Who we are. What we do. Who we know.

It's only after these things are established that we can choose to either continue the conversation and begin building a relationship with that person or decide we aren't interested in getting to know them better and turn away.

It struck me that Jesus tells us about who he is in this same way in John 10.

“I am the good shepherd. The good shepherd lays down his life for the sheep. ... I am the good shepherd; I know my sheep and my sheep know me—just as the Father knows me and I know the Father—and I lay down my life for the sheep.”

— JOHN 10:11, 14-15

Who He is. What He does. Who He knows.

And, like expected, after He establishes these things with the crowd around him, some reject it and turn away, and some defend Him and challenge the doubters.

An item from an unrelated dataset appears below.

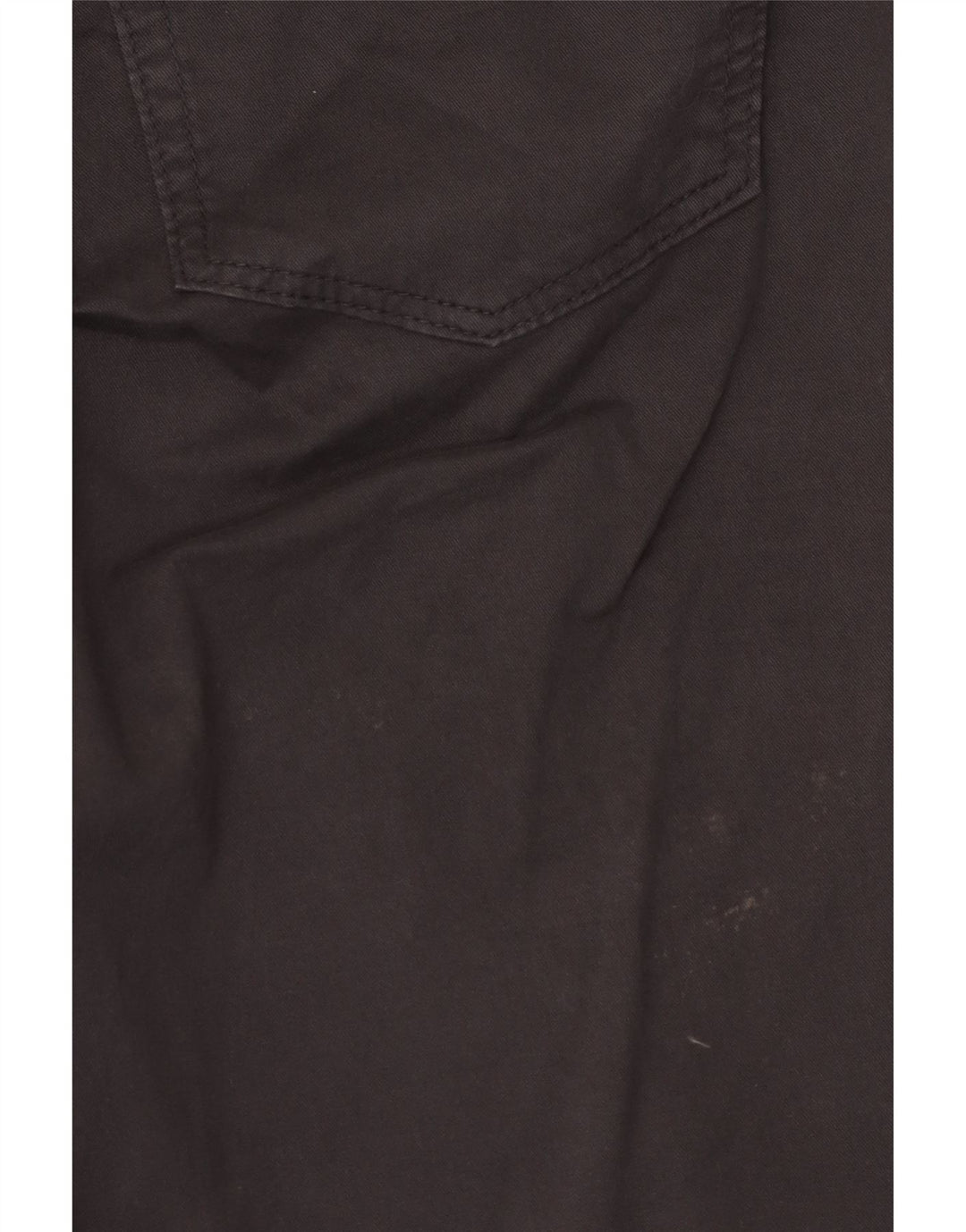Pantaloni casual slim da uomo Hackett W36 L31 in cotone marrone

I can imagine if Jesus was in that crowded house with me last week, a paper bowl of soup in hand like the rest of us, that He would have seemed like the rest of us, mingling around answering questions and sharing information and shaking lots of hands. 

I also think that most of us that night were (whether we realized it or not) trying to put our best foot forward and make positive first impressions. Where my introverted self would have preferred just talking to my one good friend the whole night, I found myself meeting several new people, listening to one guy share enthusiastically about his faith, laughing at bad jokes, and standing in circles of strangers instead of just with one friend. I cared what these people thought of me, especially since I didn't know most of them and wanted them to think I was cool, attractive, fun, engaging, etc. I tried to make my job situation seem fun and exciting, even though most days it's draining and taxing. I laughed often and cracked jokes and tried to seem "on."

Why? 

The passage in John ends with some of the crowd saying that Jesus must be demon-possessed and raving mad. Some of the crowd sticks up for him in response. And then the story moves on to another day. It doesn't really seem to me like it bothered Jesus all that much what people thought of Him.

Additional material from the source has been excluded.